Stored records

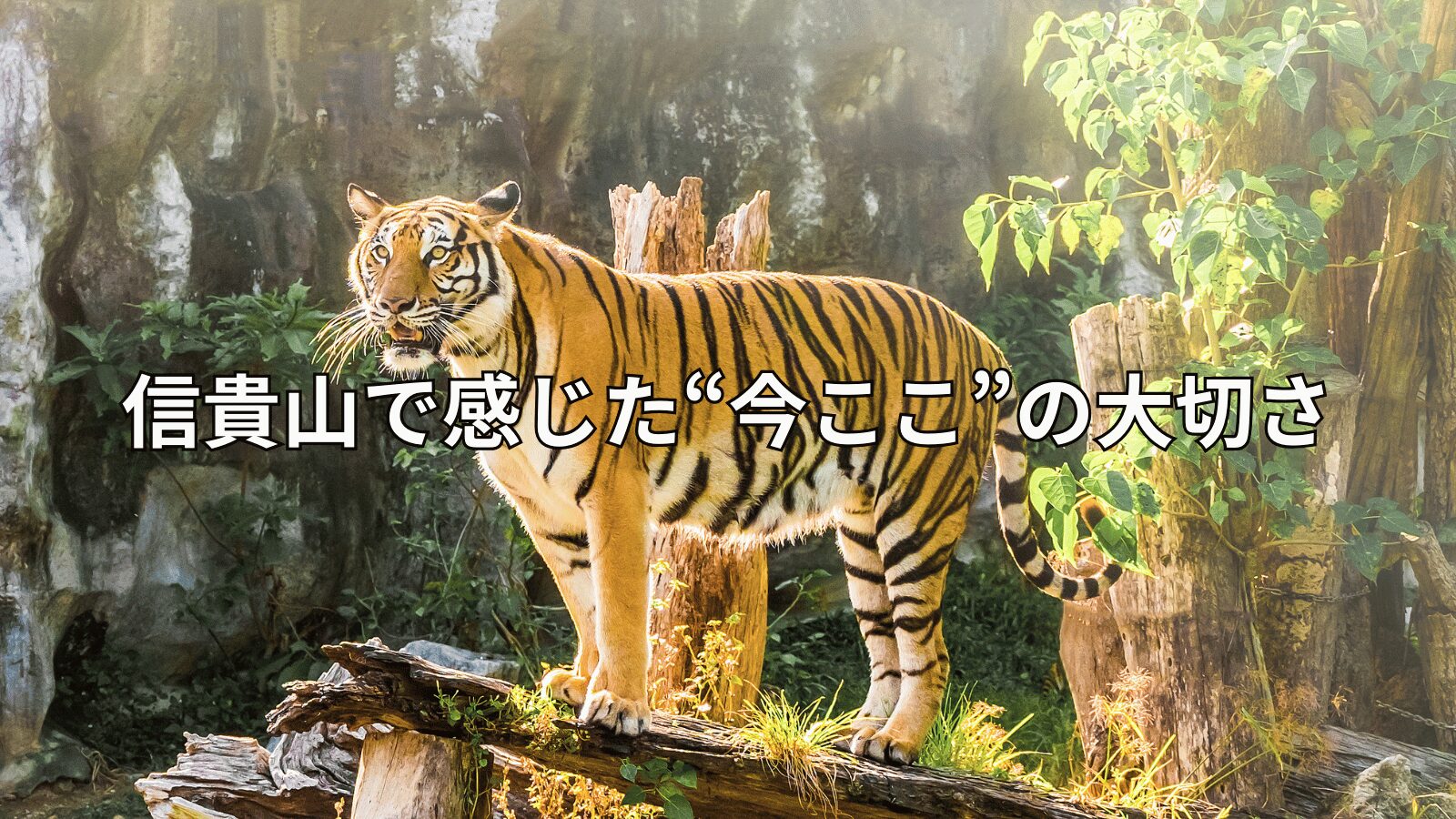 朝護孫子寺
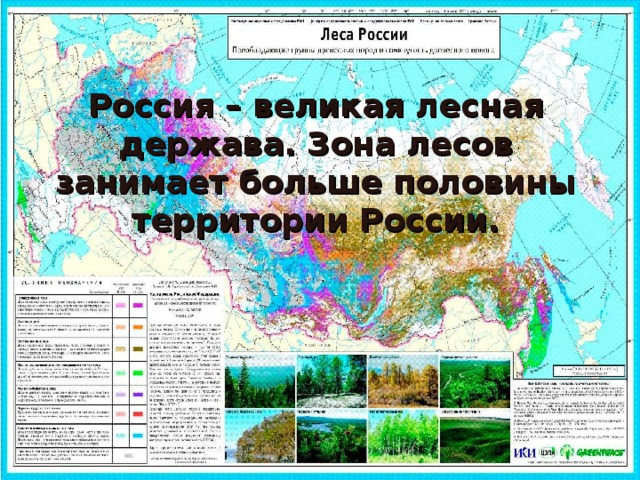 Россия – великая лесная держава. Зона лесов занимает больше половины территории России. 
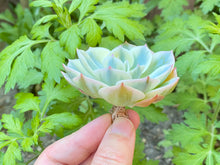 Load image into Gallery viewer, Echeveria Lenore Dean flower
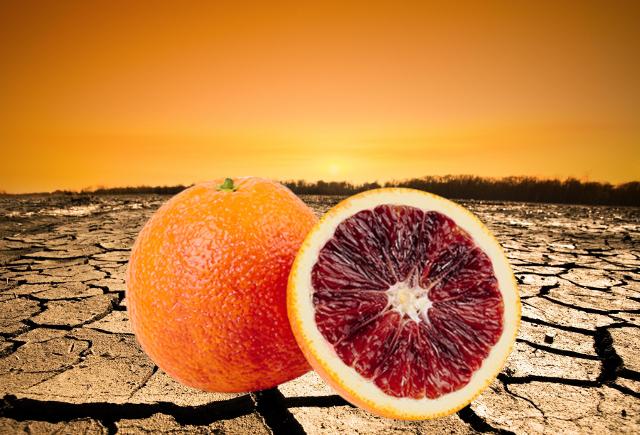 La siccità: croce per l'agricoltura, ''delizia'' per le arance rosse…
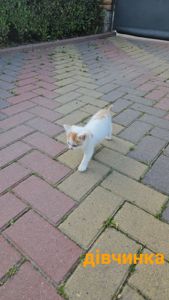 Котенята в добрі руки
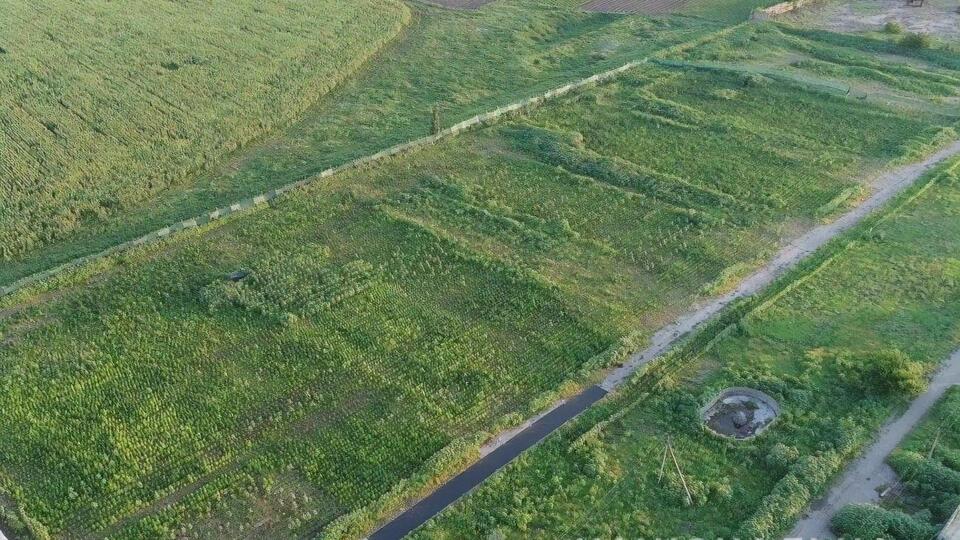 Наркоплантация находилась на территории разрушенной птицефабрики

### What needs to be done
Copy out only the lines from the one containing "Load image into" to the end of the entries, unchanged. Drop the pictures.

### Answer to this task
 Load image into Gallery viewer, Echeveria Lenore Dean flower
 La siccità: croce per l'agricoltura, ''delizia'' per le arance rosse…
 Котенята в добрі руки
 Наркоплантация находилась на территории разрушенной птицефабрики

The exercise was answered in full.